A heavily intoxicated person might also insist on driving. By doing so, he might get in an accident. More than suffering from disfiguring injuries, this incident may lead to death as well. After all, as much as 29 people die from alcohol-related driving accidents every day. According to the Centers for Disease Control, this amounts to 1 death every 50 minutes.
What Happens When You Get Alcohol Poisoning?
According to the Cleveland Clinic, a person admitted for alcohol poisoning might receive any (if not all) of the following treatments:
- IV line insertion. This will serve as access for the needed fluids containing vitamins and glucose.
- Oxygen therapy via cannula or face mask. In worse cases, a breathing tube may be inserted directly into the windpipe to help the person breathe.
- Stomach flushing. A tube will be inserted via the nose to help remove toxins from the system.
- Hemodialysis. In severe cases, a patient might have to undergo dialysis to remove the alcohol from the body.
Gastric Suction or Stomach Pumping
In life-threatening cases, the doctors might resort to performing gastric suction – also known as stomach pumping. This procedure allows the physician to get rid of the excessive amounts of alcohol in the patient’s stomach.
The procedure starts with the application of a numbing agent (anesthesia) on the throat. This will prevent the patient from gagging. Once the medication kicks in, the health care professional will insert a tube through the nose or stomach. This is further advanced to the food pipe (esophagus) until it reaches the stomach.
The alcohol in the stomach is then eliminated through suction. It can also be removed through lavage, where water is instilled through the tube. It is then ‘drained’ right thereafter.
While stomach pumping is technically safe, the procedure comes with certain risks:
- Aspiration, where you end up ‘breathing’ stomach contents
- Spasm of the vocal cords
- Accidental perforation (hole) in the esophagus
- Insertion of the tube in the windpipe instead of the food pipe (esophagus)

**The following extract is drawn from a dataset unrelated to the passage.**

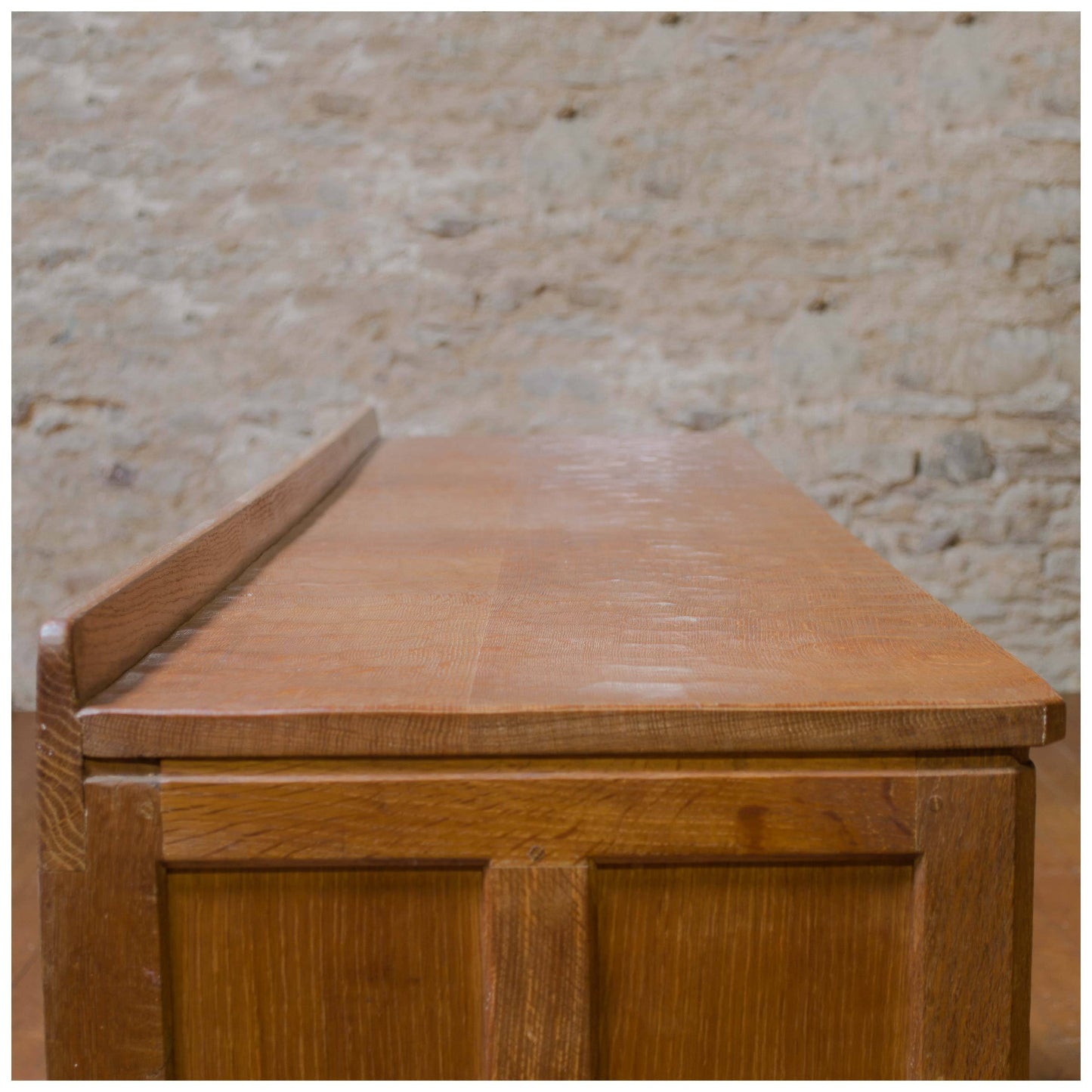 Derek Lizardman Slater Arts & Crafts Yorkshire School Adzed English Oak Sideboard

- The pushing of stomach contents deeper into the bowels
- Some bleeding
When to Seek Medical Help
Alcohol overdose, if left untreated, can be fatal. As such, you better call 911 if you see a family member or friend showing the signs of alcohol poisoning.
While waiting for the first responders, you can help the intoxicated individual by doing the following:
- Don’t attempt to ‘sober up’ the person. Avoid giving him coffee or a cold shower.
- Help the person sit up.
- Keep him awake!
- Keep the person warm.
- Give him water, as long as he can drink it.
- Stay with the person. Don’t leave him unattended!
Alcohol poisoning occurs when a person consumes too much liquor in a short span of time. This can affect the brain processes, thereby resulting in life-threatening symptoms. In the event of alcohol overdose, the patient might receive oxygen and intravenous fluids. He might also his stomach flushed, if not pumped. In severe cases, he might undergo dialysis to remove the excessive amounts of alcohol in the bloodstream. With that being said, it’s best to call for medical help at the first sight of alcohol poisoning symptoms.